Flat-Mount Disc Brakes
I don’t know what flat-mount is for. I really don’t. Aesthetics? Slightly stiffer brake transfer? I don’t know. All I know is, I had to buy new brakes.
My Paul Klampers eased my pain by having excellent resale value, and Shimano put on the final band-aid with their new and very reasonably priced flat-mount mechanicals. Like all Shimano tech, these brakes come with a very sexy name, the BR-RS350. The stopping power of these brakes mated to my SRAM levers actually feels a little more powerful than the Klampers. I know, I hate to say it.
Maybe there is something to all the trickle-down tech on these, which practically scream “Hydraulics.” They’re not. They’re cable-actuated like God intended.
Internal Cable Routing
It was really tricky setting up the housing on this bike. I didn’t have to fish a cable through the frame (thankfully), but I did have to cut and size the housing to make some very tight turns. The rear brake cable goes through a bent noodle ferrule, shoots through a hole in the left chainstay, swings around the bottom bracket, through a small plastic clip, and then tucks neatly into the downtube, only to rocket back out again on the other side. It’s not the cleanest routing job I’ve ever done, but it’ll do.
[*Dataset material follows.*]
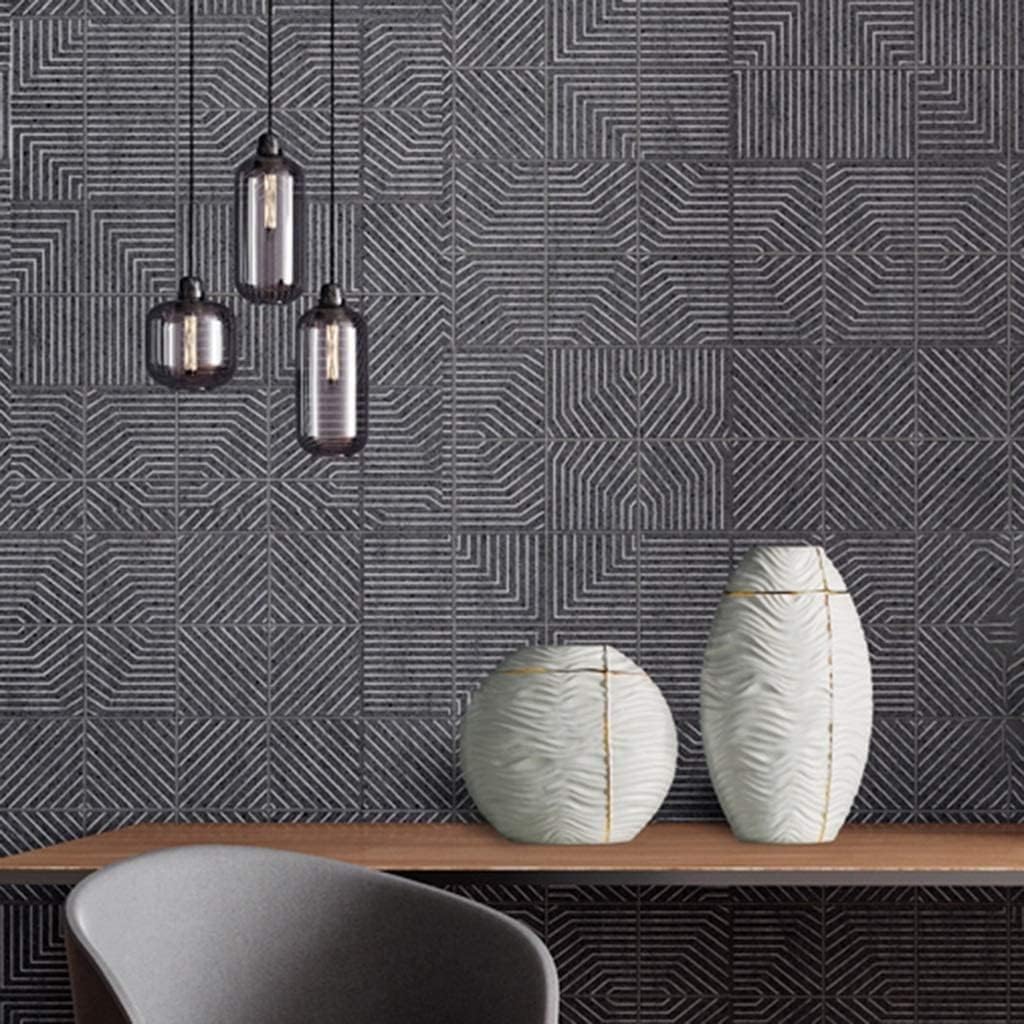 Westminster マツモク製 Stratocaster タイプ 黒 （Fender 1965y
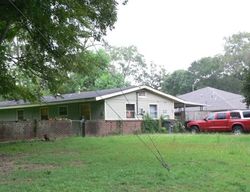 Foreclosure in  DELORES DR Baton Rouge, LA 70814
The internal routing is totally irrelevant for me, of course, since I don’t race cyclocross, and I don’t think it looks amazing either. Whatever. I can deal!
What an evocative name. This is a piece of tech I can absolutely get behind. I was already eyeing this dropout on last year’s fatbikes with envy. It’s such an excellent singlespeed dropout. Your rear wheel stays completely locked in, with no chance of slipping, and you can dial in your chain tension like you’re tuning a violin. No more track slack!
As icing on the cake, I picked up a retro-colorway Oveja Negra 1/2 Pack. This is actually my third one – I keep giving them away to friends. You can pry this purple and teal one out of my cold, dead hands, though.
Everything is set up just the way I like it, and I’m putting down 30+ miles a day just rolling around on all the little trail systems scattered through Western Mass. I’ll pick up some side-loading water bottle cages and take my time getting to know this frame.
Is it the gravel bike to end all gravel bikes? Ask me in 10,000 miles.